» Directions for this task
Where the line with "DOOM: The Dark" appears below, start writing out lines exactly, and finish with the line with "Grilled Cheese Sandwich El Sabroso", which is included; write out nothing else.

====== Supplied records

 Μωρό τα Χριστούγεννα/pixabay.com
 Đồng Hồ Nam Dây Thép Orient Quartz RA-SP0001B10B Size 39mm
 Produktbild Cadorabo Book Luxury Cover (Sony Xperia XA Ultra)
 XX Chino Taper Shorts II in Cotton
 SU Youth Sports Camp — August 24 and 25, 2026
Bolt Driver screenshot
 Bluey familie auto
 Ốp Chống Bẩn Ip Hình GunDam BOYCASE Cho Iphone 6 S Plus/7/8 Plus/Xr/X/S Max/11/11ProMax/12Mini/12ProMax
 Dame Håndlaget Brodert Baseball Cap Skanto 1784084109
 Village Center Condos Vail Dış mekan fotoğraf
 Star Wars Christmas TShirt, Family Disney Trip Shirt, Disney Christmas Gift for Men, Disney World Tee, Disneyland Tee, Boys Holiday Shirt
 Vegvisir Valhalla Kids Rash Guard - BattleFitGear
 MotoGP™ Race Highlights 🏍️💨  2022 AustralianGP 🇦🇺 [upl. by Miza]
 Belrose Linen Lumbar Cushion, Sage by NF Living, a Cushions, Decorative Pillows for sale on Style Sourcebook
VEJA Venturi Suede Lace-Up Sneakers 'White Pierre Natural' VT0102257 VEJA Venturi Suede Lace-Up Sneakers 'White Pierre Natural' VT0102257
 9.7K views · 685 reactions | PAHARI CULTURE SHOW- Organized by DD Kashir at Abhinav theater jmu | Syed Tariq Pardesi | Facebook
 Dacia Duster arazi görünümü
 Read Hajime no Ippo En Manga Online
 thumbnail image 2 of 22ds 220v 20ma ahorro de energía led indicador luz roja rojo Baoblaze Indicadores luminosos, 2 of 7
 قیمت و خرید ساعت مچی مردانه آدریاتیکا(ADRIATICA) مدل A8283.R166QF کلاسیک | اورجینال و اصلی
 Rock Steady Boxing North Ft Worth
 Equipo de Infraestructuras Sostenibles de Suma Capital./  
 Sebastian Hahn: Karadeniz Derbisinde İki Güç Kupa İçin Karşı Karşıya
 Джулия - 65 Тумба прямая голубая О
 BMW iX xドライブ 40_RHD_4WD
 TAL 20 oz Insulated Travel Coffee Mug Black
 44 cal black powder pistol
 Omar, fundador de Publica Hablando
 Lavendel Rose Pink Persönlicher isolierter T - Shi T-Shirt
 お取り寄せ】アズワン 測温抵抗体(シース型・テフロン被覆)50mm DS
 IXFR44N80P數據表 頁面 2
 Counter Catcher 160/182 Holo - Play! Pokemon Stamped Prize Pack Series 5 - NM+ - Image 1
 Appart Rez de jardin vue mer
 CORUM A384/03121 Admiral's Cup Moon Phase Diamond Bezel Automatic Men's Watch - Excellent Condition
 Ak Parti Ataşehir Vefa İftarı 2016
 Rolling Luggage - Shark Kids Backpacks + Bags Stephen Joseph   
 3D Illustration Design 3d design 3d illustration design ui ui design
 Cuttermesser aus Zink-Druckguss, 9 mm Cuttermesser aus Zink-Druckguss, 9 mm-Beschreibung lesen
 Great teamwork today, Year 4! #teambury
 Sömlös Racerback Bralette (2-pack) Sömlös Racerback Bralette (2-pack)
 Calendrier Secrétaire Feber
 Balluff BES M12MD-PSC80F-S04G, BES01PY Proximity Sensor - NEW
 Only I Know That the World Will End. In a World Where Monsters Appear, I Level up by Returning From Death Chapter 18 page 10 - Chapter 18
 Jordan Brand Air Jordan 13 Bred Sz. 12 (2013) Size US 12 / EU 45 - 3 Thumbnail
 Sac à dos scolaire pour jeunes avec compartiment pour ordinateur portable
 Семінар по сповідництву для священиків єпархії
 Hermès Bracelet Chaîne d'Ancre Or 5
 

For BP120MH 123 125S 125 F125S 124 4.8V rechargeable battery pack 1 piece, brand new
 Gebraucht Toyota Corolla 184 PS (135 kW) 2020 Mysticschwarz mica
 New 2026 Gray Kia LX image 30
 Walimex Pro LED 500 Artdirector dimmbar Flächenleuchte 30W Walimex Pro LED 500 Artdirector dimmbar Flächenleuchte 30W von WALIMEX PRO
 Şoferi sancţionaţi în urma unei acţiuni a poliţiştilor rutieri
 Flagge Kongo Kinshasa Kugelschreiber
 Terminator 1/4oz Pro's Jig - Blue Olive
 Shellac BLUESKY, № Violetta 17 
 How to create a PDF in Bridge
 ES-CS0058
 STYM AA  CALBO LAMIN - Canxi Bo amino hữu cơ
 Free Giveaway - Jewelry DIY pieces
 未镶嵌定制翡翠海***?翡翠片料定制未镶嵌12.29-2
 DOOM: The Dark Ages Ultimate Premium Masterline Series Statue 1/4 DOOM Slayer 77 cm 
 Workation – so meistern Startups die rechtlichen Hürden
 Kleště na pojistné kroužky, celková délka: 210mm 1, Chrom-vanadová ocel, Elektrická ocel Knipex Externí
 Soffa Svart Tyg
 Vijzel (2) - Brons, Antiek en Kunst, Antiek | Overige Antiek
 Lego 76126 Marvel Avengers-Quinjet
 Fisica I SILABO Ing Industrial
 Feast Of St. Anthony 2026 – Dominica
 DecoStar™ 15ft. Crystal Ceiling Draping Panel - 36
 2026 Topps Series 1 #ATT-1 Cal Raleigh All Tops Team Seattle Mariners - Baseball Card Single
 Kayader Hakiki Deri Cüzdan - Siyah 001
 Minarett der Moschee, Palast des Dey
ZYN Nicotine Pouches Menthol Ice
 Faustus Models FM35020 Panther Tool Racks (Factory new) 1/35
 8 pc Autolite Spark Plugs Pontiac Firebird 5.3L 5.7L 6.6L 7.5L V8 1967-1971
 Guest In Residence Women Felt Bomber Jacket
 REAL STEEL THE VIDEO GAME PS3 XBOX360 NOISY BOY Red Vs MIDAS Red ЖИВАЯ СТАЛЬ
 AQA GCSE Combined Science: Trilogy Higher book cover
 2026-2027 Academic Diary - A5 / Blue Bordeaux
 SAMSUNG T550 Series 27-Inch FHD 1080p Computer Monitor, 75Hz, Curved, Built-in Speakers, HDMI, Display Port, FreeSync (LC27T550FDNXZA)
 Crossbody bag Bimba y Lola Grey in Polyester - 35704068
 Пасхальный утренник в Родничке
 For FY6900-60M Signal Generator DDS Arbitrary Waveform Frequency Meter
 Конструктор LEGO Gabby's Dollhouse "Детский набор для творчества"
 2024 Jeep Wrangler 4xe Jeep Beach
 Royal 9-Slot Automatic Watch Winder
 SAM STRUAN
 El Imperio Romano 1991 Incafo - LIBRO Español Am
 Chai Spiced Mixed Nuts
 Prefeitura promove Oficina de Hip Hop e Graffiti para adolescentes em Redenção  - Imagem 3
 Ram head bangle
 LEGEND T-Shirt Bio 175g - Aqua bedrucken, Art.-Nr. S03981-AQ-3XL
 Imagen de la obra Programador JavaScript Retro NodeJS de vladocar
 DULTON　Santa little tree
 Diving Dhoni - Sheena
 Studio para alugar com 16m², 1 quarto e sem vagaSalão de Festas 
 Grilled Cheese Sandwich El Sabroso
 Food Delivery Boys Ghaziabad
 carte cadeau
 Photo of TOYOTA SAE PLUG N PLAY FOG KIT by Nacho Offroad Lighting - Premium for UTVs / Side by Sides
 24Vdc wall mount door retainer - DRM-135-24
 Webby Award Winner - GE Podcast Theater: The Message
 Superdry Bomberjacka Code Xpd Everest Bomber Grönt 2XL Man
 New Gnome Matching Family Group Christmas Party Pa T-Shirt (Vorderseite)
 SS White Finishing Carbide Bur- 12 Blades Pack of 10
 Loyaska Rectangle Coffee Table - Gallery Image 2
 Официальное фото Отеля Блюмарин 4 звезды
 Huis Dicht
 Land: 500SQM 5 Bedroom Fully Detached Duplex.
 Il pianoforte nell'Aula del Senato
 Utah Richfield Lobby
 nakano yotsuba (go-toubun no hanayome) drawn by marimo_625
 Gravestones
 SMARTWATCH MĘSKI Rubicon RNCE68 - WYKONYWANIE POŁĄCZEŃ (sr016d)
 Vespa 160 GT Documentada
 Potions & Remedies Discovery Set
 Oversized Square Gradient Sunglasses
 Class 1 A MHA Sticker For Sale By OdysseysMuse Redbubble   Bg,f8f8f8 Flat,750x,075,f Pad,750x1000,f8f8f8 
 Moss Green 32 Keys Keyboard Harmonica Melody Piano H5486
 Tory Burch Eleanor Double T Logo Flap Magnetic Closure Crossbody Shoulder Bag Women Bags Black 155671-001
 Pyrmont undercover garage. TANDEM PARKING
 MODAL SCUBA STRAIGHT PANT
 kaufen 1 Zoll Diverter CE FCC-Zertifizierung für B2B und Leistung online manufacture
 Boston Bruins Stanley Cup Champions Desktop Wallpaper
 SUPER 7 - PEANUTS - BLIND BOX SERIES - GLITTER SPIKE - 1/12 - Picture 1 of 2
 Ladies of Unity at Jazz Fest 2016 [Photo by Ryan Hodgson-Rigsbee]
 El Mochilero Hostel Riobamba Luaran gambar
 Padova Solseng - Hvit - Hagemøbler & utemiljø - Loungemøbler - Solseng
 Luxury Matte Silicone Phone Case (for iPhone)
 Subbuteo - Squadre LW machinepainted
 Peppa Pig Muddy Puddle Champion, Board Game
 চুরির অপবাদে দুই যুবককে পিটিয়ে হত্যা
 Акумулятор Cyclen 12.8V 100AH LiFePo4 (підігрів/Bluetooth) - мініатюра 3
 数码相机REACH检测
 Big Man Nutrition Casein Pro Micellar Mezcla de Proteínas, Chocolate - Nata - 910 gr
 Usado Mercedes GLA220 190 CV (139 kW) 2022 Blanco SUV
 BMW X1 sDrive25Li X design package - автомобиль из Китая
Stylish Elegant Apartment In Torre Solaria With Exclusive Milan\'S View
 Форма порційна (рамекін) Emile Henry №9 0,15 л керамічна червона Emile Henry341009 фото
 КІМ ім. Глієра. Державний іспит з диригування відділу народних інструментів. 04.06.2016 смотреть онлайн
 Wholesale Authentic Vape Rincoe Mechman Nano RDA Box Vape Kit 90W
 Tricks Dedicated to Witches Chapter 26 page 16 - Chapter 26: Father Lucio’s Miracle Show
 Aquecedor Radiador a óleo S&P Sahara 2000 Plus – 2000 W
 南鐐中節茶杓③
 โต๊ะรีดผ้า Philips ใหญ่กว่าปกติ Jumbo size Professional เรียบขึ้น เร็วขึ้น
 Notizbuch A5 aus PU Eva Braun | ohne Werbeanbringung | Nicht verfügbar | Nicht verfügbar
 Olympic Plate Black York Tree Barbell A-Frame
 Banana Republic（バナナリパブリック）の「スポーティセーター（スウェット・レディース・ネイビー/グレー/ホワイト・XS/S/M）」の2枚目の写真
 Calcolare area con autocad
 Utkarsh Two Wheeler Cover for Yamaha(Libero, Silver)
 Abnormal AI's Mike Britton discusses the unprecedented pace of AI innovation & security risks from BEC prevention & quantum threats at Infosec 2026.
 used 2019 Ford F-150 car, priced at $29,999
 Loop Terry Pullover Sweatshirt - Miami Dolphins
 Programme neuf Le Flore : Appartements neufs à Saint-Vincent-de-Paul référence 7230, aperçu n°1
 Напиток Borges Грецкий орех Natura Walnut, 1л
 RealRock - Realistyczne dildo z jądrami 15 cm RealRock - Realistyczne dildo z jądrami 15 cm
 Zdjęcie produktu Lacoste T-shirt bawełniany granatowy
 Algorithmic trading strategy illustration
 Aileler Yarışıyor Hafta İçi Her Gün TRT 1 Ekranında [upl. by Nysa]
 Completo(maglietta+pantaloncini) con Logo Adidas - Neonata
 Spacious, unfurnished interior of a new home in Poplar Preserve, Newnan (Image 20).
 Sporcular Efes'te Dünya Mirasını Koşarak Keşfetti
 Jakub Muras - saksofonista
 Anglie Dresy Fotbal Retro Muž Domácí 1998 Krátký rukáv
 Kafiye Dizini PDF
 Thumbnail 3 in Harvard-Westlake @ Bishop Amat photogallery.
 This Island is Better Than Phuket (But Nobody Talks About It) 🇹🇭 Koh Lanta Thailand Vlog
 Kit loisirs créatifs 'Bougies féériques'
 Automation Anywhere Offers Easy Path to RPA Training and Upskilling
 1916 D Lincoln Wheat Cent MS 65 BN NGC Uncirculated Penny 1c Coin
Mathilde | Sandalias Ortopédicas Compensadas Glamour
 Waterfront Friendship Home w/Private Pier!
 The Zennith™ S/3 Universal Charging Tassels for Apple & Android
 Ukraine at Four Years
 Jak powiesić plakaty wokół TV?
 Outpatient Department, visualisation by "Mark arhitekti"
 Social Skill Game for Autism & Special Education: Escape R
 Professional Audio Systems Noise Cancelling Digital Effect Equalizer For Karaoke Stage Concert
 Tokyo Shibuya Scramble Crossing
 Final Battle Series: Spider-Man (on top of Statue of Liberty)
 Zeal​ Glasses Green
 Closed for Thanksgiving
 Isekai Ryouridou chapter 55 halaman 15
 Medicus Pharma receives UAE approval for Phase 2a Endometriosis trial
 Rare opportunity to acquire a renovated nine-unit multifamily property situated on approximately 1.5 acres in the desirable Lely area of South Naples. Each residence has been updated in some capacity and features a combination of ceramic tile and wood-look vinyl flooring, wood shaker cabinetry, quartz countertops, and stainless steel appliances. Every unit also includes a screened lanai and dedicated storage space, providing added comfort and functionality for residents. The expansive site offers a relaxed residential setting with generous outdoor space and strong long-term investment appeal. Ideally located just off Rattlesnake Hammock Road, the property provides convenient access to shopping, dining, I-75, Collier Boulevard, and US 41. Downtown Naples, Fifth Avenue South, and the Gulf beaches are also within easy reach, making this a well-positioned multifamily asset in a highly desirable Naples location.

============

» Output of the exercise
 DOOM: The Dark Ages Ultimate Premium Masterline Series Statue 1/4 DOOM Slayer 77 cm 
 Workation – so meistern Startups die rechtlichen Hürden
 Kleště na pojistné kroužky, celková délka: 210mm 1, Chrom-vanadová ocel, Elektrická ocel Knipex Externí
 Soffa Svart Tyg
 Vijzel (2) - Brons, Antiek en Kunst, Antiek | Overige Antiek
 Lego 76126 Marvel Avengers-Quinjet
 Fisica I SILABO Ing Industrial
 Feast Of St. Anthony 2026 – Dominica
 DecoStar™ 15ft. Crystal Ceiling Draping Panel - 36
 2026 Topps Series 1 #ATT-1 Cal Raleigh All Tops Team Seattle Mariners - Baseball Card Single
 Kayader Hakiki Deri Cüzdan - Siyah 001
 Minarett der Moschee, Palast des Dey
ZYN Nicotine Pouches Menthol Ice
 Faustus Models FM35020 Panther Tool Racks (Factory new) 1/35
 8 pc Autolite Spark Plugs Pontiac Firebird 5.3L 5.7L 6.6L 7.5L V8 1967-1971
 Guest In Residence Women Felt Bomber Jacket
 REAL STEEL THE VIDEO GAME PS3 XBOX360 NOISY BOY Red Vs MIDAS Red ЖИВАЯ СТАЛЬ
 AQA GCSE Combined Science: Trilogy Higher book cover
 2026-2027 Academic Diary - A5 / Blue Bordeaux
 SAMSUNG T550 Series 27-Inch FHD 1080p Computer Monitor, 75Hz, Curved, Built-in Speakers, HDMI, Display Port, FreeSync (LC27T550FDNXZA)
 Crossbody bag Bimba y Lola Grey in Polyester - 35704068
 Пасхальный утренник в Родничке
 For FY6900-60M Signal Generator DDS Arbitrary Waveform Frequency Meter
 Конструктор LEGO Gabby's Dollhouse "Детский набор для творчества"
 2024 Jeep Wrangler 4xe Jeep Beach
 Royal 9-Slot Automatic Watch Winder
 SAM STRUAN
 El Imperio Romano 1991 Incafo - LIBRO Español Am
 Chai Spiced Mixed Nuts
 Prefeitura promove Oficina de Hip Hop e Graffiti para adolescentes em Redenção  - Imagem 3
 Ram head bangle
 LEGEND T-Shirt Bio 175g - Aqua bedrucken, Art.-Nr. S03981-AQ-3XL
 Imagen de la obra Programador JavaScript Retro NodeJS de vladocar
 DULTON　Santa little tree
 Diving Dhoni - Sheena
 Studio para alugar com 16m², 1 quarto e sem vagaSalão de Festas 
 Grilled Cheese Sandwich El Sabroso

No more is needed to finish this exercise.